"[...] o inóspito, árido e descurado processo encontra-se estreitamente relacionado com as correntes espirituais dos povos e [...] as suas diversas concretizações devem ser incluídas entre os mais importantes testemunhos da cultura" (F. Klein (1902))



25/06/2021

Jurisprudência 2021 (2)


Direito de acção;
justificação judicial*


I. O sumário de RL 5/1/2021 (10486/18.1T8LRS.L1-7) é o seguinte:

1. O DL nº 273/2001, de 13.10, foi o primeiro diploma a instituir a transferência dos tribunais para as conservatórias das competências relativas aos processos de carácter eminentemente registral.

2. Essa transferência de competências não afasta a possibilidade de nos tribunais judiciais correr a referida ação de justificação judicial, quer quando o requerente preveja que o requerido se vai opor à sua pretensão, quer quando o pedido, ponderada a causa de pedir, extravasa a mera ação registral.


II. Na fundamentação do acórdão afirma-se o seguinte:

"O tribunal recorrido indeferiu liminarmente a presente ação por entender que a mesma configurava a ação especial de justificação de reatamento de trato sucessivo prevista no art. 116º do CRPredial que se inicia na respetiva Conservatória do Registo Predial, sendo, pois, o juízo central cível absolutamente incompetente para dela conhecer.

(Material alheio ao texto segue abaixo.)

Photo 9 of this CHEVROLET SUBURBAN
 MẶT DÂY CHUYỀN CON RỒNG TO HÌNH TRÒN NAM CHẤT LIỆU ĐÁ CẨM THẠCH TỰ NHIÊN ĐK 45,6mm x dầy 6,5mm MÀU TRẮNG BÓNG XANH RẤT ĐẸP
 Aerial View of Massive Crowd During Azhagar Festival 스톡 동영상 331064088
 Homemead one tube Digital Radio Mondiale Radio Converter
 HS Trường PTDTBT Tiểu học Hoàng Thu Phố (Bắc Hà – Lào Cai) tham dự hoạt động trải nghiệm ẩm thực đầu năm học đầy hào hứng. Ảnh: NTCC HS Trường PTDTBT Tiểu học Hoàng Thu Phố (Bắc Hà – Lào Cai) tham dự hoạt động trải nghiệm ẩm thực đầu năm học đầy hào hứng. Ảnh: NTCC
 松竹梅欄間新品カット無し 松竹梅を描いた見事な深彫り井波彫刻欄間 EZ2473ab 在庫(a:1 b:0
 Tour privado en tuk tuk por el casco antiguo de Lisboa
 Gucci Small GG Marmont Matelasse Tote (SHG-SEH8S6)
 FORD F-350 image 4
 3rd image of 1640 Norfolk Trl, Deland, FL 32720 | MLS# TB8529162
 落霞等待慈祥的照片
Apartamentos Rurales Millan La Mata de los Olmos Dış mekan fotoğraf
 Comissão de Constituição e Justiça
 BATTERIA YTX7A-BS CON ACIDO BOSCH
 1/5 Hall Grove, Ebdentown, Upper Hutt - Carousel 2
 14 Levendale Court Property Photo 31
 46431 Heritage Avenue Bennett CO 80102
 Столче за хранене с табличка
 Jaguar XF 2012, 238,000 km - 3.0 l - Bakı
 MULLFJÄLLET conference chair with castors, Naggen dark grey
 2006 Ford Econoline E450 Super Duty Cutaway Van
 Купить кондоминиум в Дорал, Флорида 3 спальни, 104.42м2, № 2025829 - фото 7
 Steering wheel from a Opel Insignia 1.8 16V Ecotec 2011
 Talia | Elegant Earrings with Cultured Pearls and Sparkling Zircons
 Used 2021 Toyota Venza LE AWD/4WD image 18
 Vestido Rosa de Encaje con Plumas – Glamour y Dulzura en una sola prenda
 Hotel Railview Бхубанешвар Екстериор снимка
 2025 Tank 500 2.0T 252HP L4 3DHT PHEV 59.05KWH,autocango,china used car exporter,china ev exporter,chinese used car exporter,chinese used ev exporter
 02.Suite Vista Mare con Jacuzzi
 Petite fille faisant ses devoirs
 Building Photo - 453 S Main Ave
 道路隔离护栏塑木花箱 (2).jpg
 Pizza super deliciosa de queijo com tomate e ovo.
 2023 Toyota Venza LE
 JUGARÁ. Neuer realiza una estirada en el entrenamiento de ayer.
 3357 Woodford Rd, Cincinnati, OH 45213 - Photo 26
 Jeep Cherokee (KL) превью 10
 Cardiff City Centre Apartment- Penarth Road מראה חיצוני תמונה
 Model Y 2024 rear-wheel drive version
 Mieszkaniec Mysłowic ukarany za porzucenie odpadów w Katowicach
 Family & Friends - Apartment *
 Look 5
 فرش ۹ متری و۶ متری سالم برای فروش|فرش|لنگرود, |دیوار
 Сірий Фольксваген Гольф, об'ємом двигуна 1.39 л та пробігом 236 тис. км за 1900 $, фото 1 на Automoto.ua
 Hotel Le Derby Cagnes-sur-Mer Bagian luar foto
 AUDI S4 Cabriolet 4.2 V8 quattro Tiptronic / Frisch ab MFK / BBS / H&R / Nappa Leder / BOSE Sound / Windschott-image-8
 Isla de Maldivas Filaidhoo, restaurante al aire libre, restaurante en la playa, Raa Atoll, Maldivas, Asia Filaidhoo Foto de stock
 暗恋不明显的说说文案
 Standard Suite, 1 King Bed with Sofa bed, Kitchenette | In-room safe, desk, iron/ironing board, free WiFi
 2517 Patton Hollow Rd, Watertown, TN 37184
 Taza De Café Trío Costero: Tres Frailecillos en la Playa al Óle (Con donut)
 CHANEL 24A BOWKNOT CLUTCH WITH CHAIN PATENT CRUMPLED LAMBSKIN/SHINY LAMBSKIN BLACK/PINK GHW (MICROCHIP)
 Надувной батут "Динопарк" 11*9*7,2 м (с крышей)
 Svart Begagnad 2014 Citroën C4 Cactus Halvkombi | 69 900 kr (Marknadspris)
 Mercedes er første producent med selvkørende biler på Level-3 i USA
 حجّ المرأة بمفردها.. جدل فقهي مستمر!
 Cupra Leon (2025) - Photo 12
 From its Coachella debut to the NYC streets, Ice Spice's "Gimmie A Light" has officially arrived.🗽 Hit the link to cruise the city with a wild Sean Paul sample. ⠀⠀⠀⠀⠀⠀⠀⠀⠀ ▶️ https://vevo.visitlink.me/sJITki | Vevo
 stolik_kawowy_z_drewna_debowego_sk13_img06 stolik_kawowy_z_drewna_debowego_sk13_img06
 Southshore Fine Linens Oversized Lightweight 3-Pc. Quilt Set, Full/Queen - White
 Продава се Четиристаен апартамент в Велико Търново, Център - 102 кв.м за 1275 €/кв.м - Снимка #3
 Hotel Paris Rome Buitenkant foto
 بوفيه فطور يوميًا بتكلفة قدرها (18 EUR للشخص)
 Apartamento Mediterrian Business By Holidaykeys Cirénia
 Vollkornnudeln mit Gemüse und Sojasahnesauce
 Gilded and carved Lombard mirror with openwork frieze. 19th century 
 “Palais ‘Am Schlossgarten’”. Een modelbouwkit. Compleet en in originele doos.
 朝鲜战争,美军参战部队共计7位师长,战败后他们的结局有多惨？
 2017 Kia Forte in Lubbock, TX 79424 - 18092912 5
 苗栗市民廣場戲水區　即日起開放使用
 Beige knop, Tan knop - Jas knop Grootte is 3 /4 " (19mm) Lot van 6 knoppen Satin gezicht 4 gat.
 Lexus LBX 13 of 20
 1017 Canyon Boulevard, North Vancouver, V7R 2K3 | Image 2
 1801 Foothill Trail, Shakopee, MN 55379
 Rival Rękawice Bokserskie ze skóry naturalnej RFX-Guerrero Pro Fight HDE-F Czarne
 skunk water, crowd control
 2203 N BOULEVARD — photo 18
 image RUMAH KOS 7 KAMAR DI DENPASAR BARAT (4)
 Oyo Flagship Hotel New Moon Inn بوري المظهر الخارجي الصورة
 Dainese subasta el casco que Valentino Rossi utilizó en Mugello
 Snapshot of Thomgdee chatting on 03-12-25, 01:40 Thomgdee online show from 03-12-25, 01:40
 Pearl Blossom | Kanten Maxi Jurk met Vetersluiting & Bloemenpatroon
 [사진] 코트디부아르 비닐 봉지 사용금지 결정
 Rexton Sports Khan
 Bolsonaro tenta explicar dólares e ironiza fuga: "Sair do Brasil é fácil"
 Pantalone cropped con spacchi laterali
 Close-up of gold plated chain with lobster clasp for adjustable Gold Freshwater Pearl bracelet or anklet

Sustentam os apelantes que, não obstante na sua formulação a ação em causa seja da competência da CRP, tal competência não é exclusiva desta, não estando vedada a intervenção do tribunal, nomeadamente, tendo em atenção os pedidos formulados, como acontece no presente caso, em que o peticionado extravasa a competência da CRP.

Apreciemos.

Dispõe o art. 116º do CRP (aprovado pelo DL. nº 224/84, de 6.07, na redação introduzida pelo DL. 273/2001, de 13.10), que “1 - O adquirente que não disponha de documento para a prova do seu direito pode obter a primeira inscrição mediante escritura de justificação notarial ou decisão proferida no âmbito do processo de justificação previsto neste capítulo. 2 - Caso exista inscrição de aquisição, reconhecimento ou mera posse, a falta de intervenção do respetivo titular, exigida pela regra do nº 2 do artigo 34º, pode ser suprida mediante escritura de justificação notarial ou decisão proferida no âmbito do processo de justificação previsto neste capítulo. 3 - Na hipótese prevista no número anterior, a usucapião implica novo trato sucessivo a partir do titular do direito assim justificado”.

Foi com a Lei nº 2049, de 6 de Agosto de 1951, que se iniciou uma viragem quanto à procura de um meio adequado de fazer corresponder a situação real da titularidade dos direitos de propriedade sobre os imóveis com a respetiva situação registral através do mecanismo da obrigatoriedade do registo predial [...].

A Lei nº 2049 criou novos expedientes extrajudiciais de suprimento da falta de determinados documentos exigidos para os casos de registo obrigatório (posteriormente tornados extensivos ao próprio registo facultativo pelo DL nº 40.603, de 18.5.1956), sob a forma de escritura de justificação notarial.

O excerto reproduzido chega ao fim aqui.